**RECORDED INFORMATION:**
┄┄┄┄┄┄┄┄┄┄┄┄┄┄┄┄┄┄┄┄

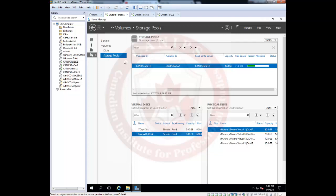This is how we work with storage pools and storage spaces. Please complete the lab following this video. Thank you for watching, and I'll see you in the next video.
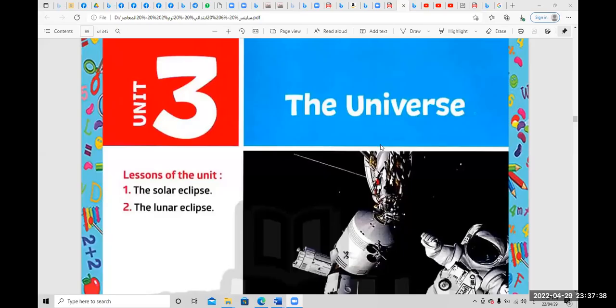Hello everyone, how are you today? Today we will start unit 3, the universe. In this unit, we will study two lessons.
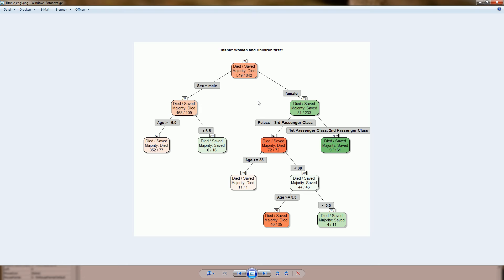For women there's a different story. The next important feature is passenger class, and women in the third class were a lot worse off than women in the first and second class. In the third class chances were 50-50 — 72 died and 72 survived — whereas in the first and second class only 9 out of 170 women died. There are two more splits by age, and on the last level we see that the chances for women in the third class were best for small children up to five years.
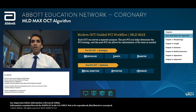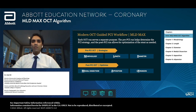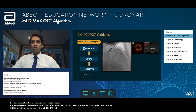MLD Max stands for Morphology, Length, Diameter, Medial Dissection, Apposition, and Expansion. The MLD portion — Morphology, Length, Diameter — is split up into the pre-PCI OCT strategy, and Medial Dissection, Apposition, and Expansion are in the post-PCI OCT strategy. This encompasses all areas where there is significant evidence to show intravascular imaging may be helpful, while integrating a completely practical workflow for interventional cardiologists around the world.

┄┄┄┄┄┄┄┄┄┄┄┄┄┄┄┄┄┄┄┄

**EXERCISE BRIEF:** Please set down exactly the lines from the first line of the data above through the line with "Hello everyone, how", both included, leaving out the pictures.

**TASK ANSWER:**
This is how we work with storage pools and storage spaces. Please complete the lab following this video. Thank you for watching, and I'll see you in the next video.
Hello everyone, how are you today? Today we will start unit 3, the universe. In this unit, we will study two lessons.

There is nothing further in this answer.